Producers are encouraged to scout for diseases

By Diego Flammini
Assistant Editor, North American Content
Farms.com

Winter wheat in Ontario is between five and 10 days ahead of schedule, according to OMAFRA’s Field Crop Team.

But, with that rapid growth, also comes the possibility of disease pressure.

Last week, leaf rust was found in Bruce County and wheat spindle streak mosaic virus was confirmed in Essex County.
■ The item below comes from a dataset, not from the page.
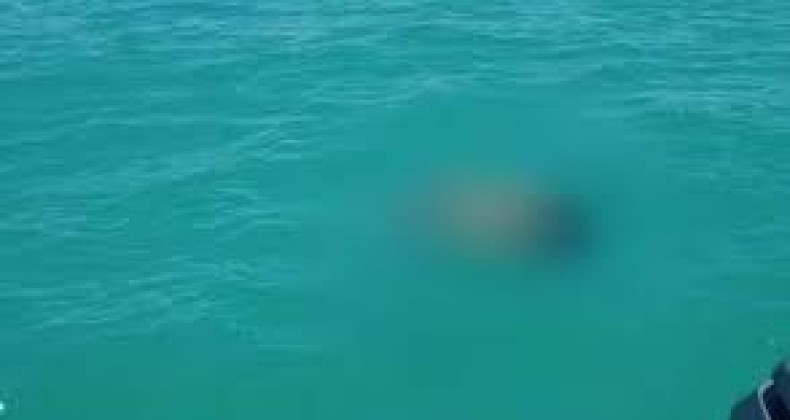 Banhistas encontraram corpos de crianças que estavam desaparecidas na praia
Stripe rust was also found on an Essex County farm, making it paramount for producers to scout field carefully.


Stripe rust.
Photo: OMAFRA

“It is important to continue scouting to determine if fungal disease infection is progressing up the plant and if a fungicide is needed,” OMAFRA said in its May 2 field crop report. “…based on last year’s experience, a preventative fungicide applied to susceptible varieties was beneficial…”

When it comes to corn, excessive moisture has delayed planting.

And with more rain in the short-term forecast, corn planters remain idle.

“Impatience is building!” OMAFRA said. “But the consequences of getting on fields too quickly can be significant. Everyone is fixated on the importance of (an) early planting date, (but forget) the statement ‘given field conditions that are fit for planting.’”


A wet field near Almonte, Ontario.
Photo: Shelley McPhail/Twitter

Current field conditions may have less of an impact soybeans than other crops.

“Early planting is less critical to yield for soybeans than corn,” the Field Crop Team said.

While waiting to plant, producers should consider seed size and its potential impact on equipment, OMAFRA said.

“Soybean seed size tends to be large this year and this has implications for planting equipment,” the report said. “Ensure that your equipment is setup to deliver whole seed effectively into the ground. A split seed will not survive.”